This invention relates to sluice gate apparatus and more particularly to sluice gate systems and improved apparatus that requires less energy for its operation.
A diversity of applications exist in the field of liquid flow control as between conduits, pipes or channels. Water flow control is perhaps the most typical of such applications requiring watertight closures that are widely used in water purification systems, sewage and drainage systems. In many cases high heads or pressures are encountered and in others corrosive environments are common which imposes a dual requirement on such apparatus. Not only must the sluice gate be a precision piece of equipment that can be used to form watertight closures but the gate must also be of heavy duty construction which can withstand the pressures and corrosive effects to which such apparatus is subjected.

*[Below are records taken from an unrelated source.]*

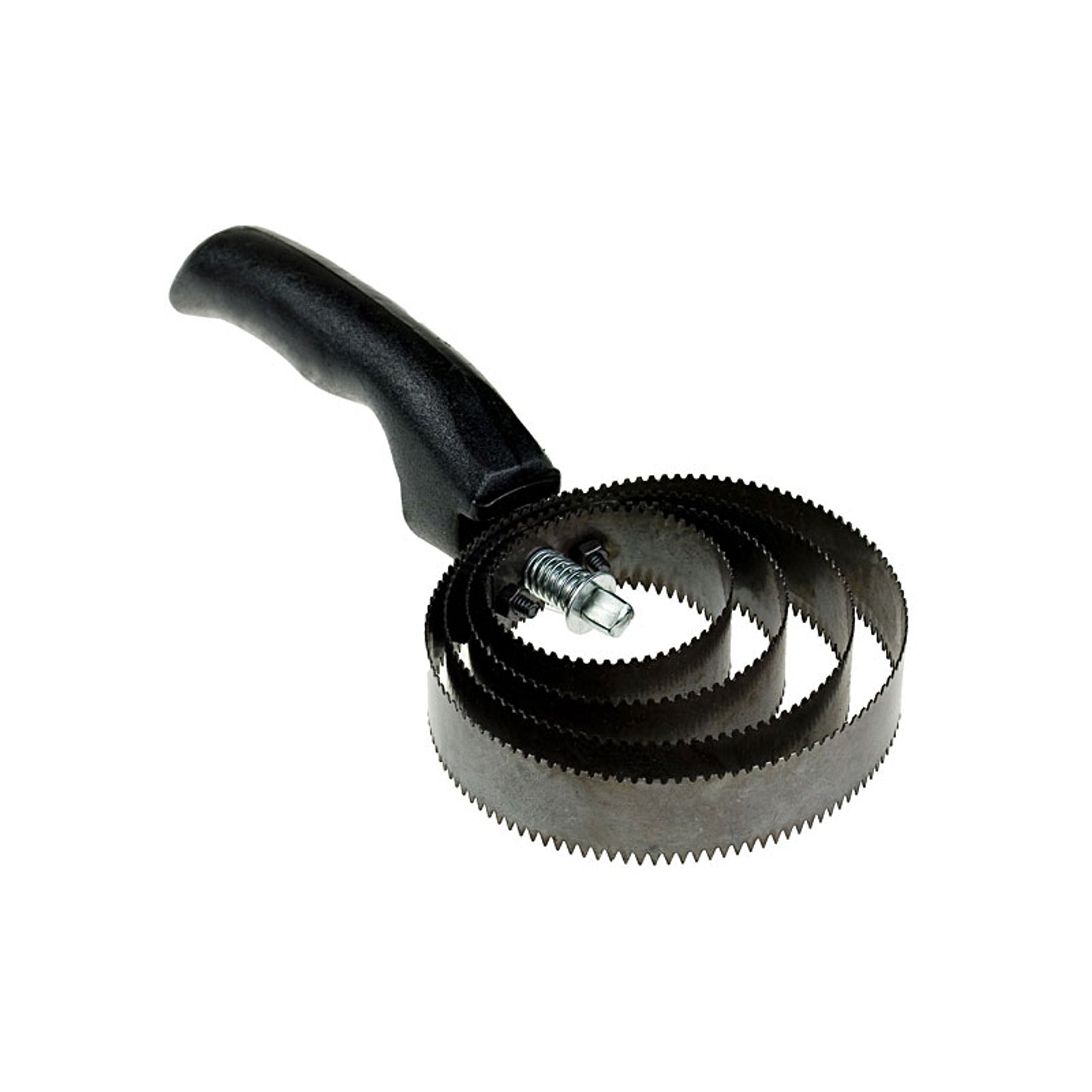 Horze Étrille métallique ronde Matériel de pansage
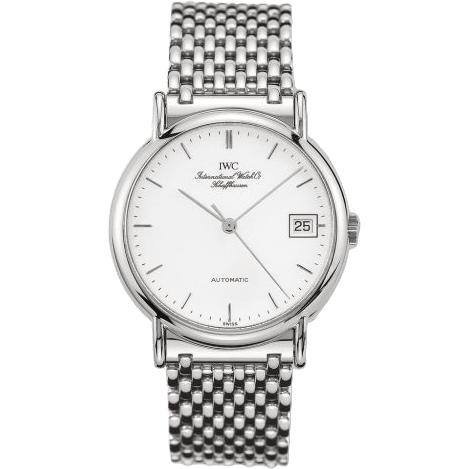 Portofino Automatic / Stainless Steel / White / Bracelet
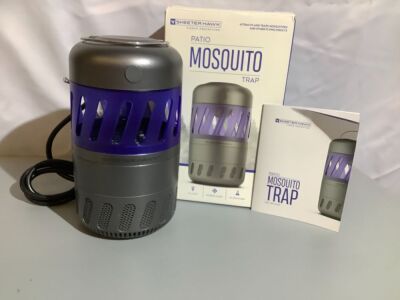 Skeeter hawk Pation Mosquito Trap, Ecommerce Return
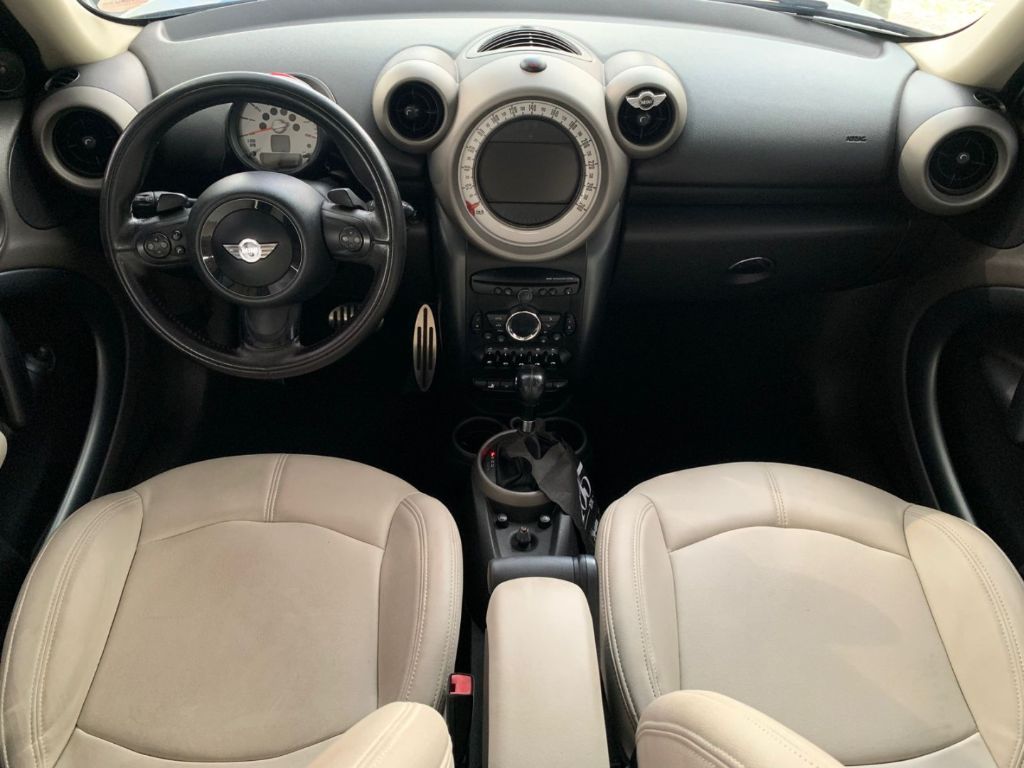 COOPER Countryman S ALL4 1.6 Aut. — foto 7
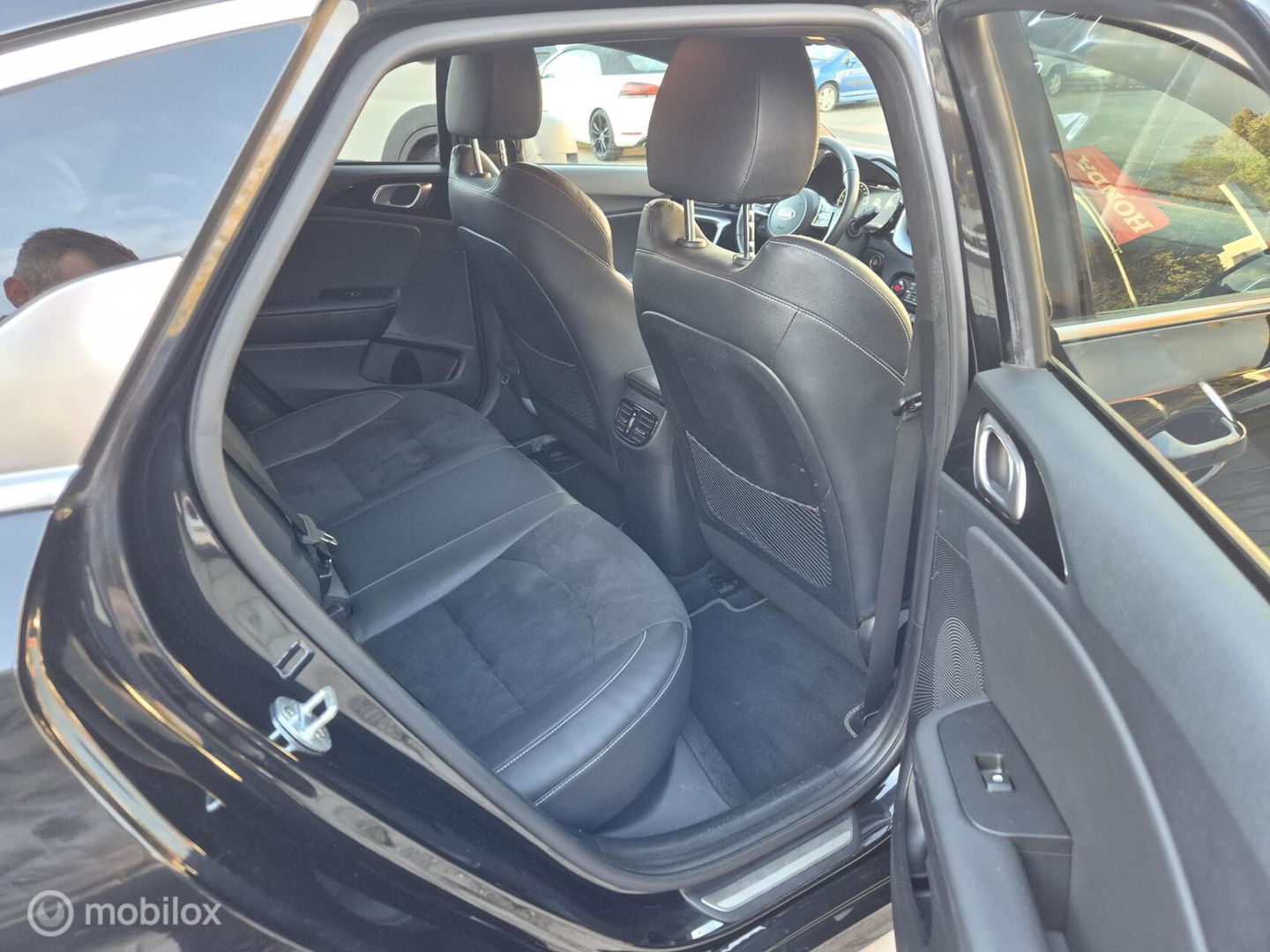 Kia ProCeed 1.0 T-GDI GT-Line, 1 Eigenaar, Dealer onderhoud!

In achieving the requirements of durability and strength, the structure of a sluice gate is necessarily heavy which often requires electric motor operated drawing means for opening and closing a gate. Furthermore, in order to comply with the requirements for a watertight seal, it is known to employ wedge means in order to jam a sluice gate disc against its frame. The combination of apparatus weight, wedge jamming pressure, and disc seating pressure caused by water pressure which tends to seat or push the disc against a mating seat face on the frame requires enormously high initial pressures in order to crack or unseat the disc so that it can be then raised. Once the disc is cracked, less energy is then required to lift it.